Cllr Tyerman, who is also a director of the Torbay Development Agency, says the group was formed between six and nine months ago and focuses on regeneration possibilities with potential developers.
Mayor Gordon Oliver usually looks after redevelopment opportunities, but he is staying in the background at the moment because of the project currently being worked on by the task force — namely a possible supermarket redevelopment on the site of the current town hall car park in Lymington Road, Torquay.
Cllr Tyerman says: "The town hall development is the main project we are dealing with at the moment.
"We and the Torbay Development Agency have met with the developers. Gordon Oliver is a little concerned about a possible conflict of interest because he owns some town centre properties. He feels this would be the best way to look at it."
So how does Cllr Tyerman see the town centre shaping up as he seeks a way of rejuvenating and rescuing it?
"It is a difficult one. This is not just a Torbay problem. It is a national problem," says Cllr Tyerman.
"I find it very difficult to see how the town centre can survive in its current format.
"At the end of the day we are going to have to accept that we are going to need a lot fewer shop units.
"My children hardly went out for their Christmas shopping. It was done on line.
"Over the next two or three decades you can see on-line shopping dominating. This generation will not return to the shops when they reach 50."
He said to avoid empty spaces dominating the retail landscape, some of the High Street will have to be turned into residential accommodation.

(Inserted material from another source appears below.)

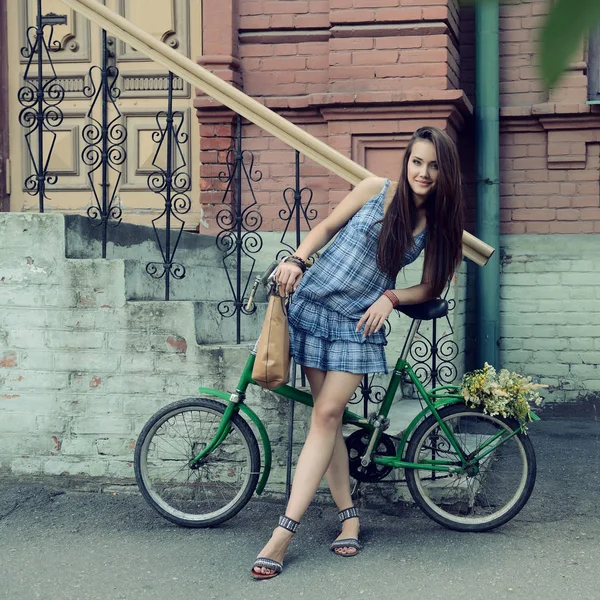 Junge Frau mit Fahrrad — Stockfoto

He said there may be some resistance from shopkeepers who would want to survive as individual businesses.
Part of the challenge is how you mix flats and shops virtually in the same location. Or do you actually shrink the town centre and set aside some of it for residential only?
The future of Torquay town centre has been in the spotlight recently as its master plan for the next 20 years is drawn up under the Torquay Neighbourhood Plan.

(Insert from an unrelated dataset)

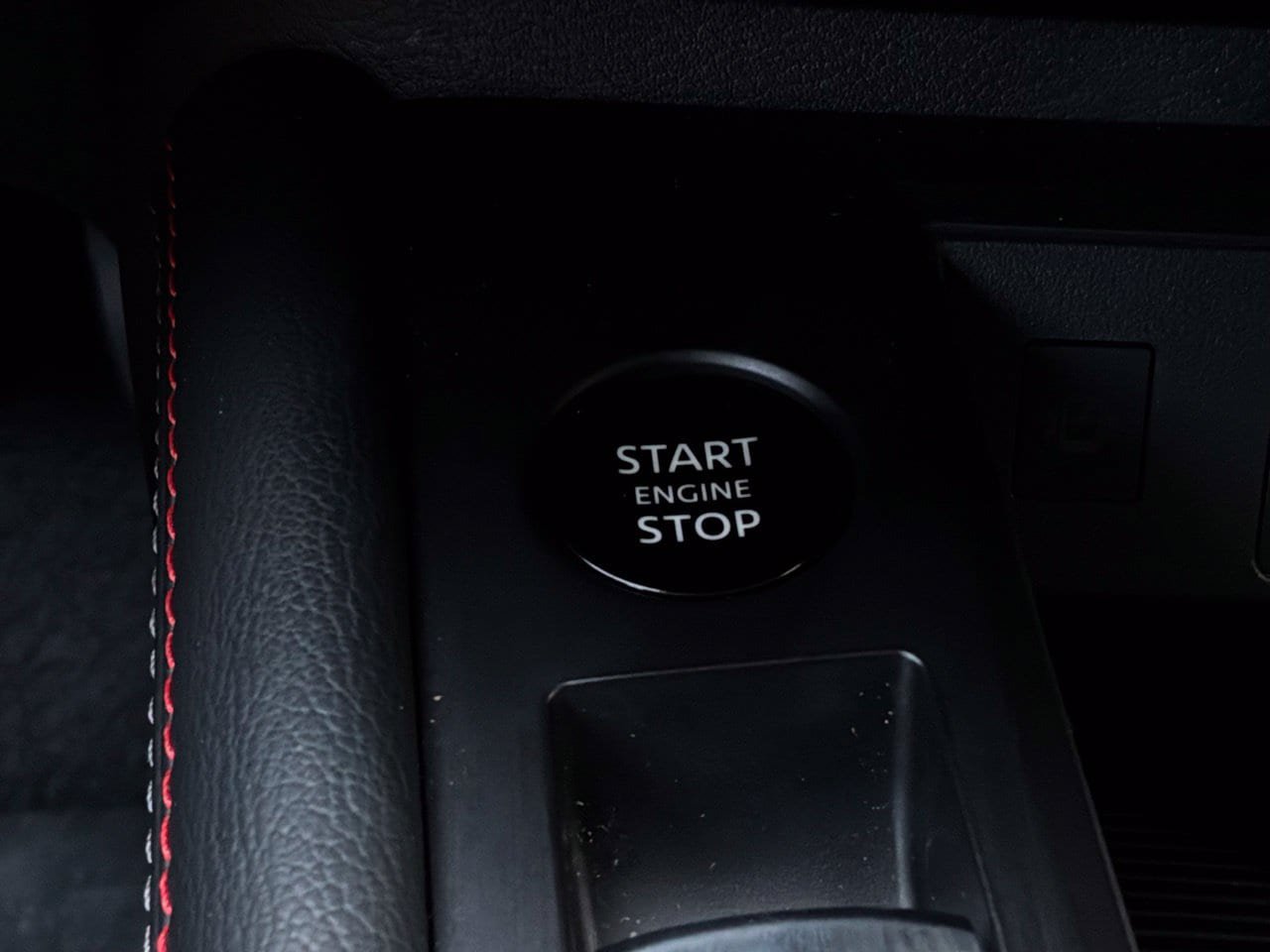 Used 2026 Nissan Kicks SR FWD image 31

Susie Colley, chairman of the Neighbourhood Plan Forum, and her team of volunteers have spent endless hours staging public meetings before drawing up a report to get a feedback from residents. She was not over-enthused with the initial response.
She revealed over 10,000 leaflets had been distributed, but only 192 responses had come back in.
"I am truly taken aback that the residents of Torquay clearly do not give a flying jot what happens to their town," was her first reaction.
"Maybe the message has to be reinforced that folk are happy with the cemeteries being built on in the future and blocks of flats either side of the war memorial?"
But then she warmed after a good turn-out at a subsequent meeting and a positive feedback from the Prince's Foundation after they reviewed the planning blueprint.
Susie says: "There were 60 people there. I was very encouraged. Everybody was encouraged by the Prince's Foundation report."
In fact, the foundation has told the community campaigners to be 'bolder' with their regeneration plans.
Susie says: "They are saying make things clearer — make it obvious Torre Station is on the way to the seafront. Move the station further up the line and have the traffic coming straight down into town and straight through Torre."
Yep, big, bold moves and a blank sheet of paper are what we need to breathe new life into our town centres and shopping areas before the life support machine is switched off.
It looks as if council officers are putting great emphasis on the town hall plan.
They were keen to protect the potential development and that's why they wanted the Morrisons store plan for Babbacombe turned down as it was seen as a threat, but is that being 'big and bold?' What about the jobs it would have created?
Then we have the Tesco mess in Brixham where the town council has thrown out a £20million store plan which would have also provided work for many more.
It just seems that as soon as the door is gently opened to a developer it is then firmly slammed in their face.
As Susie Colley says: "Why does everybody say 'you cannot do it'"
If we are not careful we will be left with a 'will the last one out please switch off the light' scenario. Time is not on our side.